The solution is given in the last section below. The intervening sections provide notation, terminology, and concepts for those who might be new to this subject and to make it as clear as possible what assumptions I am adopting to make sense of the question and obtain an answer.

Generalities

Motivation

Recall that the idea behind the derivative is to approximate a function $f:\mathcal{A}\subset \mathbb{R}^m\to\mathbb{R}^n$ in a neighborhood of a point $x\in\mathcal A$ by means of a linear transformation $Df_x:\mathbb{R}^m\to\mathbb{R}^n.$ "Approximate" is understood to mean that as a nonzero displacement $h\in\mathbb{R}^m$ grows small (while $x+h$ remains in $\mathcal A$) the first difference in $f$ is asymptotic to $Df_x$ applied to $h:$

$$f(x+h) - f(x) = (Df_x)h + o(|h|).\tag{1}$$

The notation "$o(|h|)$" refers to some quantity that becomes vanishingly small compared to $|h|$ as $h\to 0.$ The norm of $h$, written $|h|,$ is the Euclidean distance.

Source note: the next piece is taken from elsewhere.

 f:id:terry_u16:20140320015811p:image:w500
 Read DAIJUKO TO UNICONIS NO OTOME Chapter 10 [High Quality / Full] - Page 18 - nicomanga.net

Functionals and Functional Derivatives

The analog of $f$ is a functional: it assigns values in $\mathbb{R}^n$ to elements of a space of functions $\Lambda.$ Specifically, given any set $\mathcal S,$ the collection of functions

$$\mathbb{R}^S = \{x:S\to \mathbb{R}\}$$

is a vector space (whose addition operation is pointwise addition of functions and scalar multiplication multiplies the values of functions by constants). When $S$ is finite, $\mathbb{R}^S$ has the same structure as the familiar finite-dimensional vector space.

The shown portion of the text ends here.